ITEM: Rod Sims, chairman of the Australian Competition and Consumer Commission, told a telecoms industry conference earlier this week that the ACCC has seen high levels of complaints, confusion and frustration about broadband performance. And while broadband service providers blame this on consumers having “unrealistic expectations about broadband speeds”, Sims said that’s at least partly the fault of the telcos themselves – or at least their marketing departments.
From the Sydney Morning Herald:
Mr Sims said there was a lack of incentives for retail services providers – such as Telstra and Optus – to compete on performance.
This has led to “vague and unqualified” information being provided to consumers, making it difficult for them to compare apples with apples.
“About 80 per cent of consumer respondents … told us it is not easy to compare the speed of different internet offers when choosing between internet providers or particular plans,” he said.
Sims acknowledged that telcos have been making an effort to educate customers on the kinds of things that can impact connection speeds – such as lots of people getting on the network at once. But that’s not enough. Sims suggested the introduction of an independent broadband monitoring program that verifies connection performance, reliability, etc, and makes it easy for consumers to compare broadband services.
The ACCC has proposed this before, and Australian telcos have resisted the idea, arguing that it’s both expensive and ineffective. But other markets do it, Sims argues, and the general result is better consumer information and more robust competition. If nothing else, a monitoring program could at least determine whether customers could blame their ISPs or the National Broadband Network.
While a monitoring program is a good idea in terms of consumer awareness and comparison shopping, it’s worth noting that the heart of the problem here isn’t speed: it’s the customer experience. The ACCC is getting complaints ostensibly because broadband players aren’t delivering the experience their customers expect – regardless of where those expectations come from or how they’re measured. Customers look at data speeds because it’s a handy reference point, but what they really care about is this: does my stuff work?
That’s the basic and penultimate question in the hyperconnected culture many of us now live in. More and more people have centered their lifestyles and work habits around black glass rectangles that handle everything from basic communications to social events, multiscreen entertainment and home network control. Connectivity is so central to modern life that we’re connecting anything and everything than can be fitted with a chip, a sensor and a modem – toys, cars, guns, cows, whatever – and we’re building services and apps around all of this.

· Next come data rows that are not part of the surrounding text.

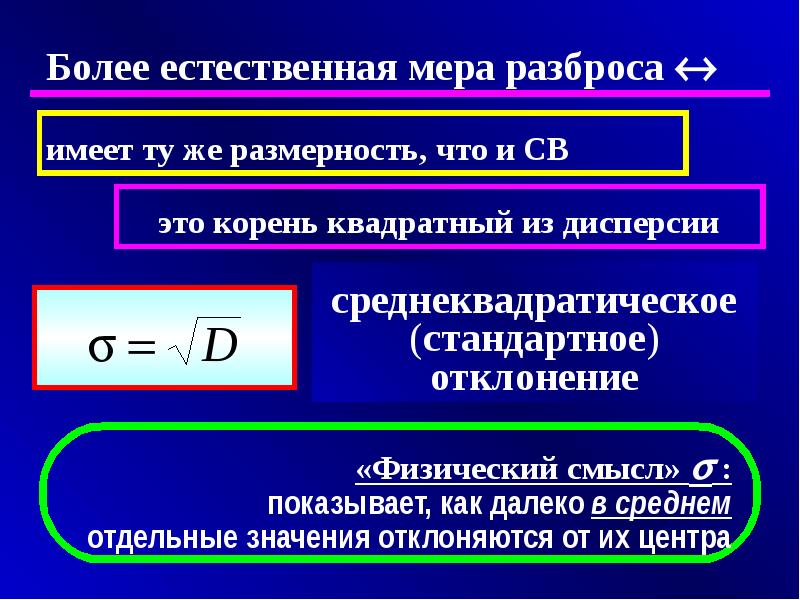 Естественные меры. Меры разброса. Меры разброса данных. Меры рассеивания в статистике. Меры разброса случайных величин.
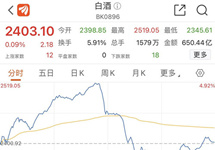 白酒股上演“过山车”，多股跳水， 年底“喝酒”行情还在吗？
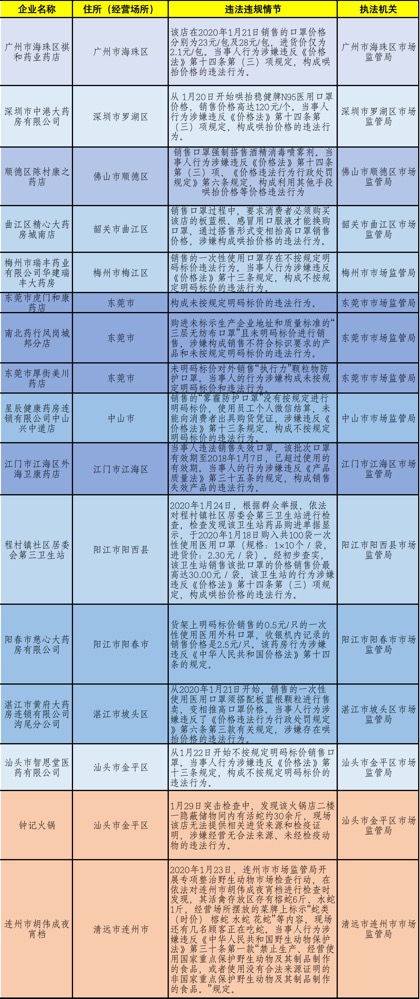 新澳2024鬼谷子资料,可靠执行操作方式_感知版95.535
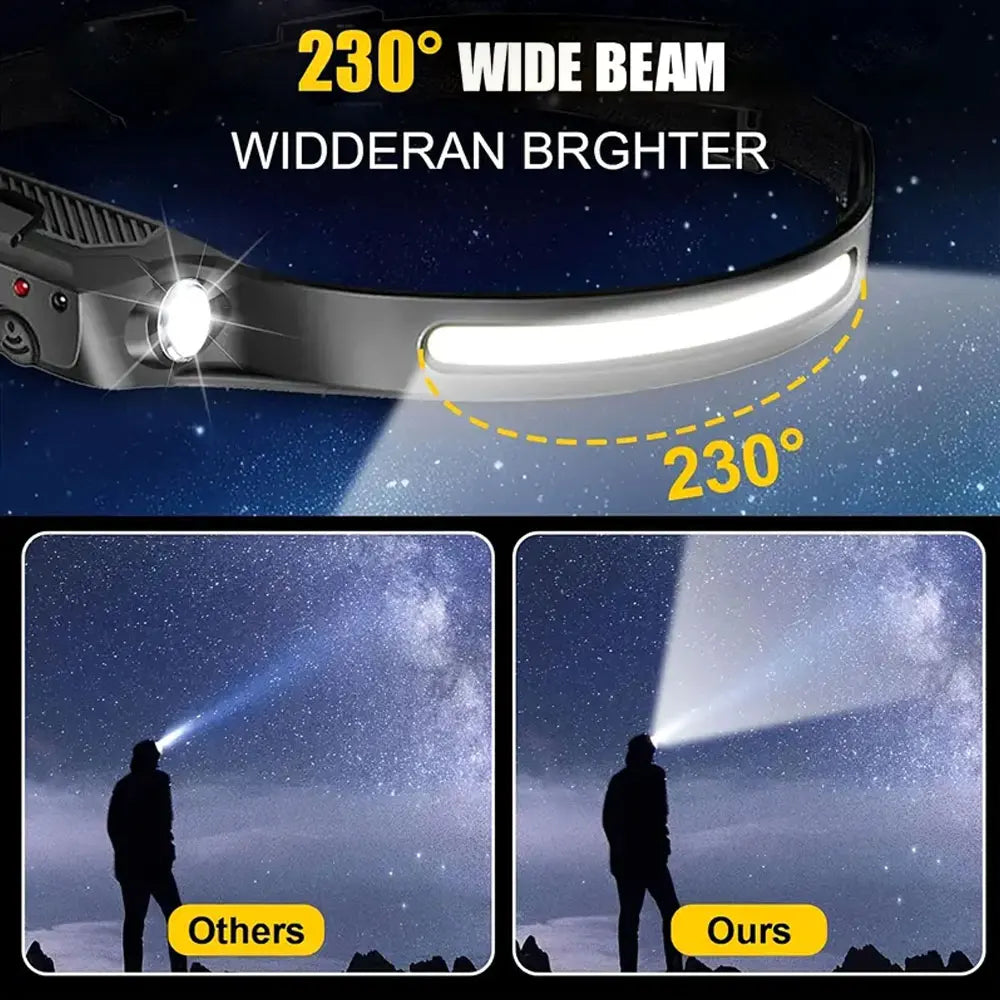 Vastfire Motion Sensor Usb Rechargeable Led Headlamp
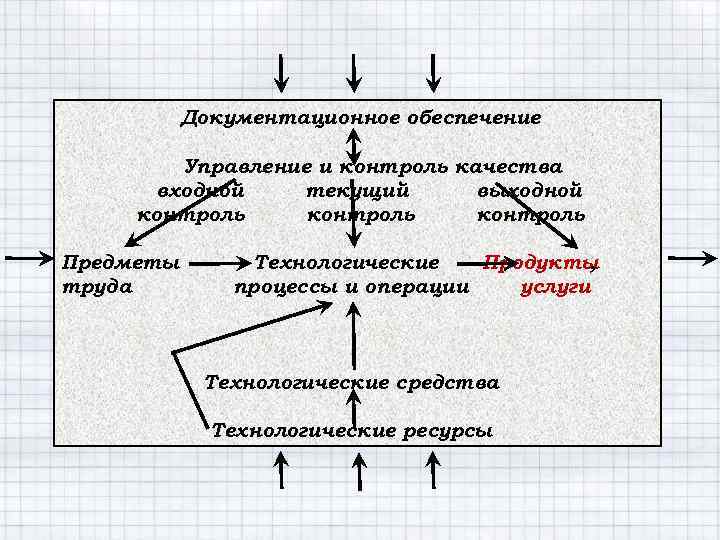 Документационное обеспечение Управление и контроль качества входной текущий выходной контроль Предметы труда Технологические Продукты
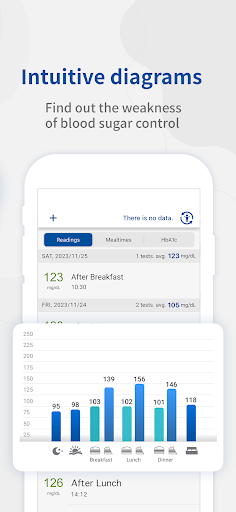 Rightest CARE Screen 3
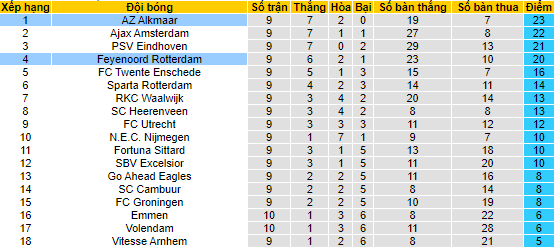 Soi kèo tài xỉu AZ vs Feyenoord hôm nay, 21h45 ngày 16/10 - Ảnh 5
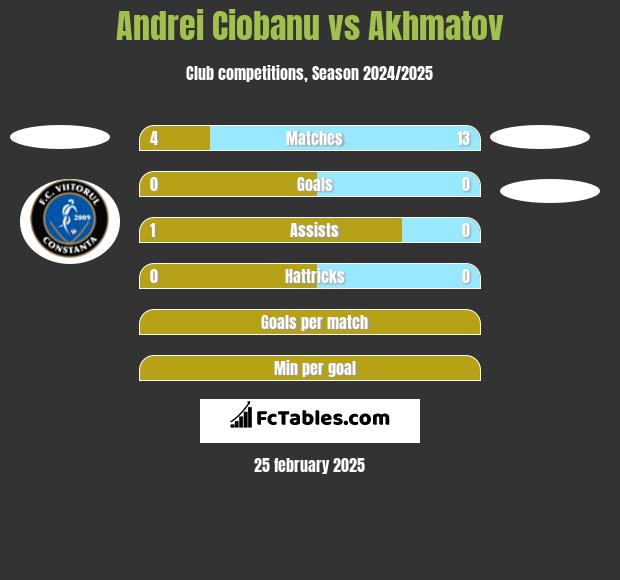 Andrei Ciobanu vs Akhmatov h2h player stats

Meanwhile, we’re moving ever closer towards the 5G Virtual Reality Cloud Of Things, where (we’re assured) everything will be connected and everything will work, because once access links get into gigabit territory, the connection speed itself is no longer an issue from the consumer point of view.
And it arguably isn’t now – until the services and apps get sluggish or stop working. That’s when consumers really care about data speeds. If the service works fine, it generally won’t occur to them to check their data rate with a speed test.
Certainly customers do still look at data speeds because that’s how broadband services are marketed and bundled, and that’s what customers are used to. But sooner or later, customer expectations are going to be about QoS/QoE, not the specific speed of the pipes.